NANOTUBES, stiffer than steel, only a nanometer wide but many microns long, are essentially rolled-up sheets of carbon hexagons. The following are highlights from a dozen APS sessions on the subject: Richard Smalley (713-527-4845) of Rice University, winner of the 1996 Nobel Prize in chemistry for his discovery of Buckyballs in 1985, reported that his lab currently produces nanotubes ("more precious than platinum") at a rate of grams/day but that within 5 to 10 years this could be increased (on a commercial basis) to tons/day. Smalley showed pictures of nanotubes that swallow their own tails, forming closed Bucky toruses (see also Nature, 27 Feb.), and diagrams of bundles of nanotubes in which one tube stuck out further than its neighbors. Nested stages of such bundles, he said, could be used to fashion pointers---macroscopic at one end but tapering down to a single carbon cell at the other end---with which one could (like an artist dipping a paintbrush into a palette of colors) "write" patterns of molecules on a substrate. Electrically, the versatile nanotubes can be insulators, semiconductors, or conductors and are expected to exhibit magnetoresistance qualities . The pointy nanotubes have been used as field emitters in flat panel displays. Attaching a semiconducting nanotube to a metallic nanotube one gets a nano-diode.

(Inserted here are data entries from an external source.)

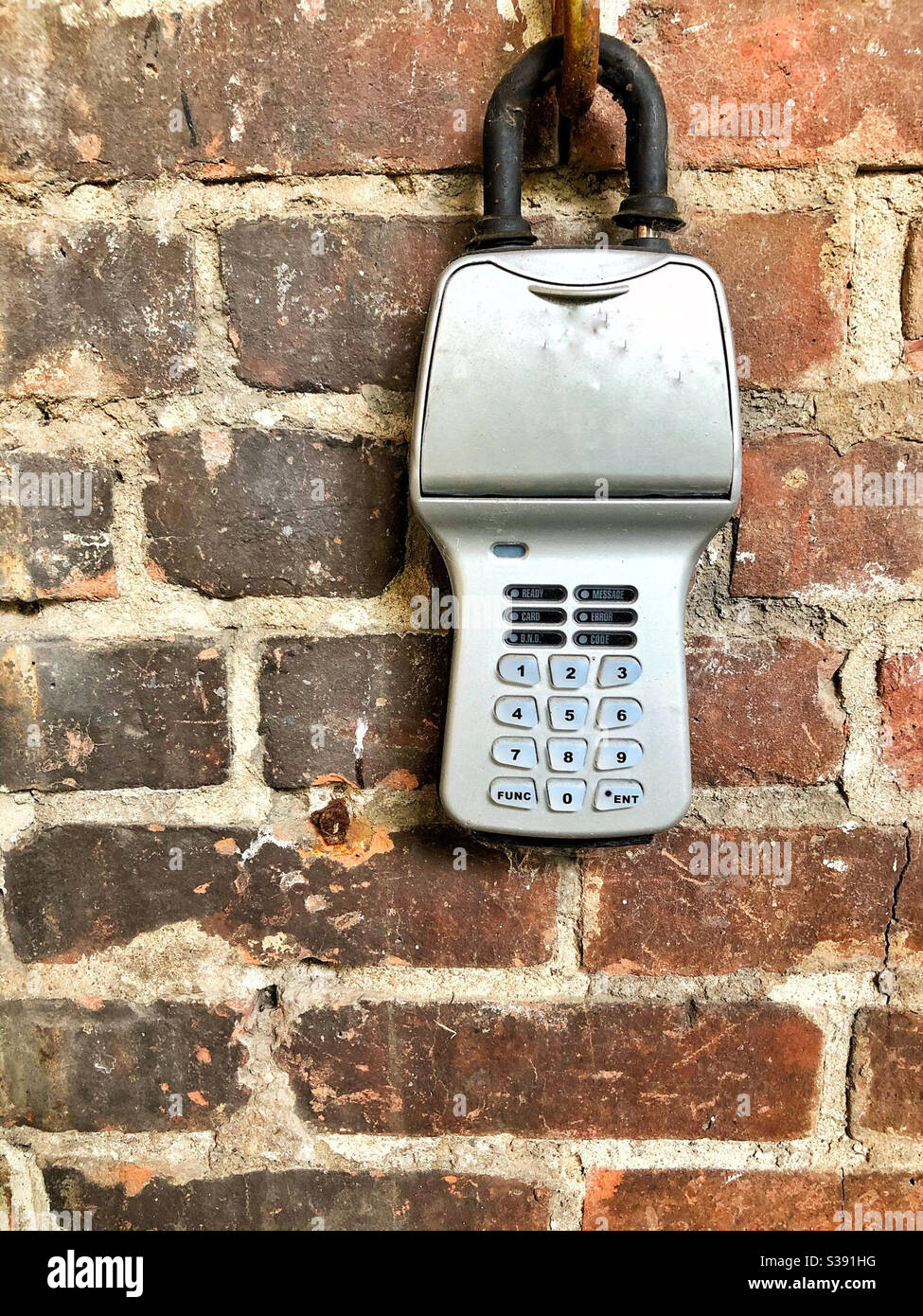 Schloss von Real East verwendet werden Agenten, um eine Immobilie zu verkaufen, Schlüssel Safe durch Code zugegriffen Stockfoto
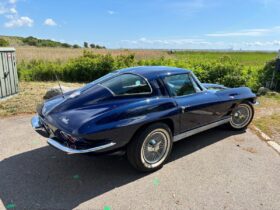 Chevrolet Corvette Sting Ray Coupe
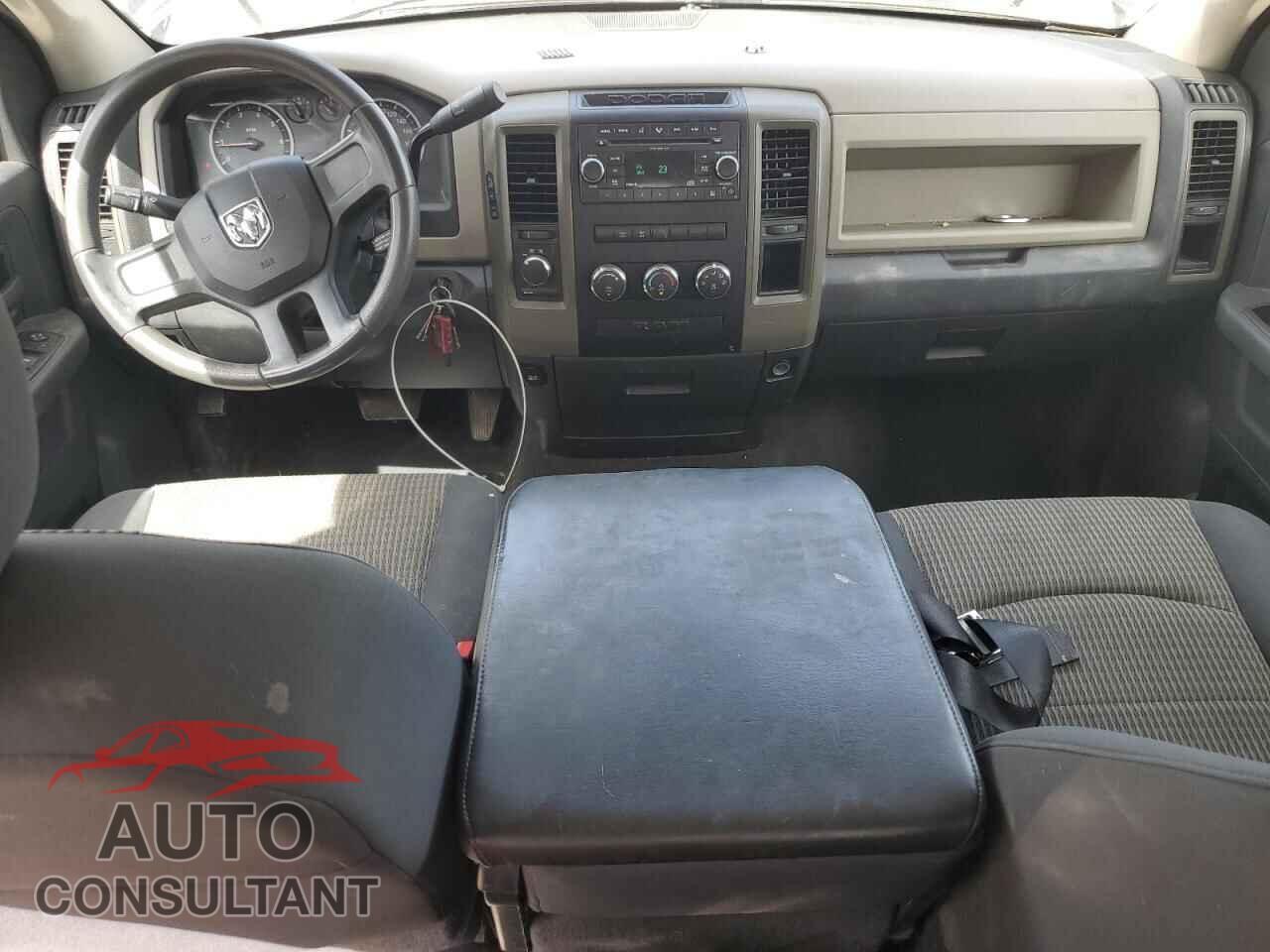 DODGE RAM 1500 2012 - 1C6RD7LT5CS103635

If, furthermore, the joint is angled, the composite tube can actually conduct better in a bent state than straight up; this property makes the structure into a possible nanoswitch or strain gauge. Cees Dekker of Delft University is able to study the electron transport properties of single nanotubes by draping them across a pair of electrodes; the current-versus- voltage plot is a series of steps, indicative of a "quantum wire." In general one would expect this behavior when the movement of electrons through a conductor is restricted to one dimension. Steven Louie of LBL (510-642-1709) studies nanotubes made of boron and nitrogen, or of carbon mixed with B and N. In one configuration, a ribbon of conducting carbon hexagons forms a corkscrew pattern up the length of the tube. The current flow through such a tube is therefore helical; in effect this nanotube is the world's smallest solenoid magnet.